Friday, January 21, 2005

Comment 1/20/2005 on Left2Right

Biological explanations can do two things: they can justify different policies, or they can explain outcomes. I would argue that the first is almost always illegitimate, but the second is very useful.

Sam’s rule of government: governments should consider individuals as individuals, not as members of a group. Making group-based policies strengthens factionalism, increases tensions between the groups and hardens definitions of the group, and is thus dangerous and corrosive to liberty.

However, government treating people as “equal before the law” does not mean that all groups will end up proportionately represented in every field of endeavor. Studying how groups differ in ability, inclination, etc is useful for understanding why that happens.

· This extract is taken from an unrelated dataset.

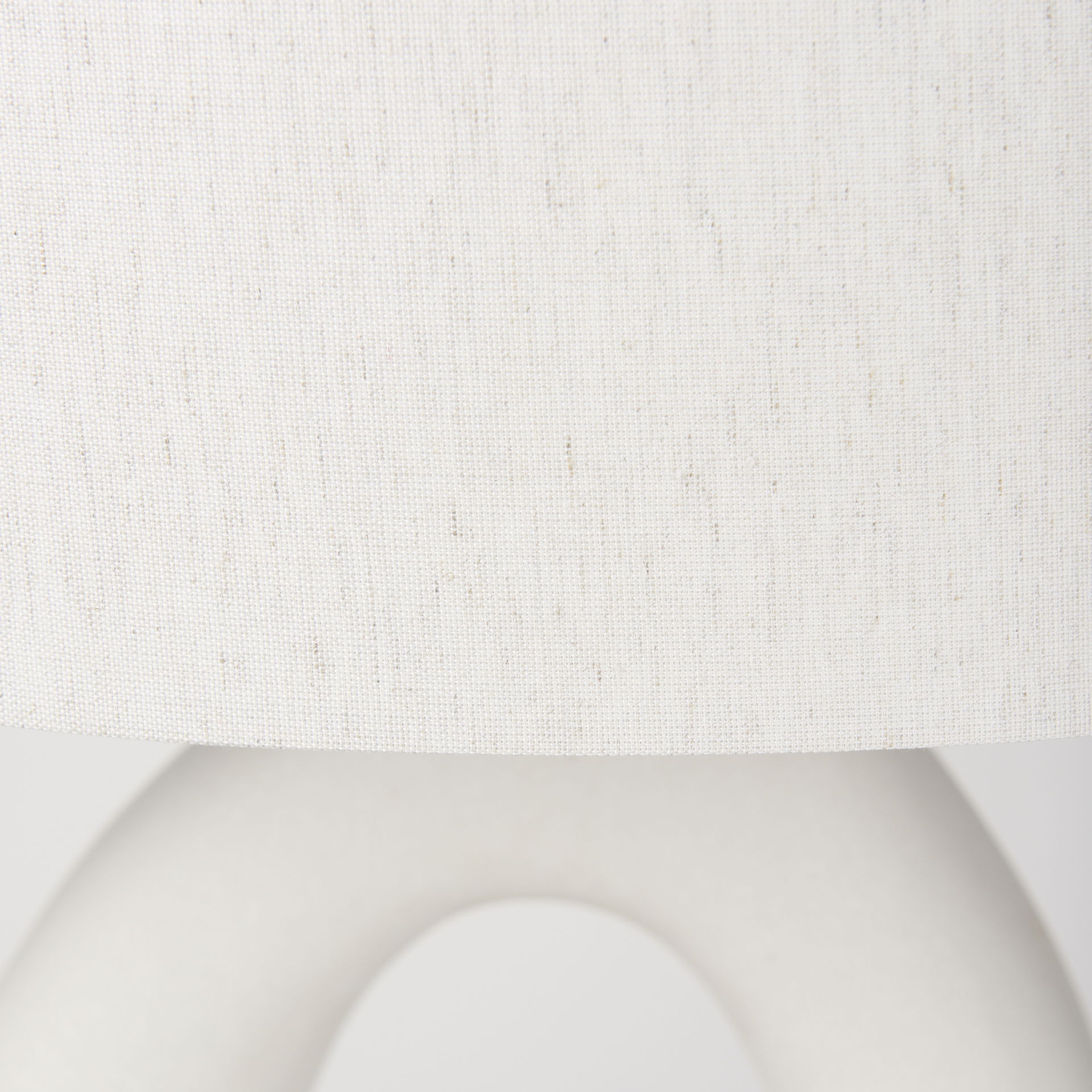 Tao 20.0L x 20.0W x 33.0H Cream Base with White Shade Table Lamp large image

One area of law and practice where this realization is very helpful is in anti-discrimination law. On principle, I oppose anti-discrimination law that applies to non-government actors—but that’s another issue. One big problem with anti-discrimination law as currently implemented is that numerical disparities are considered evidence of discrimination. (If there is significant under-representation of a protected group, the burden of proof is on the employer to prove that it does not discriminate.) Realizing that there can be real biological reasons that groups will not, in every endeavor, be represented proportionately, helps show why this presumption is inaccurate and can be dangerous.

Just to clarify--I believe biological differences almost never justify governments treating people differently. Most of the abuses mentioned above (eugenics, segregation) are examples of governments treating people differently on the basis of biology.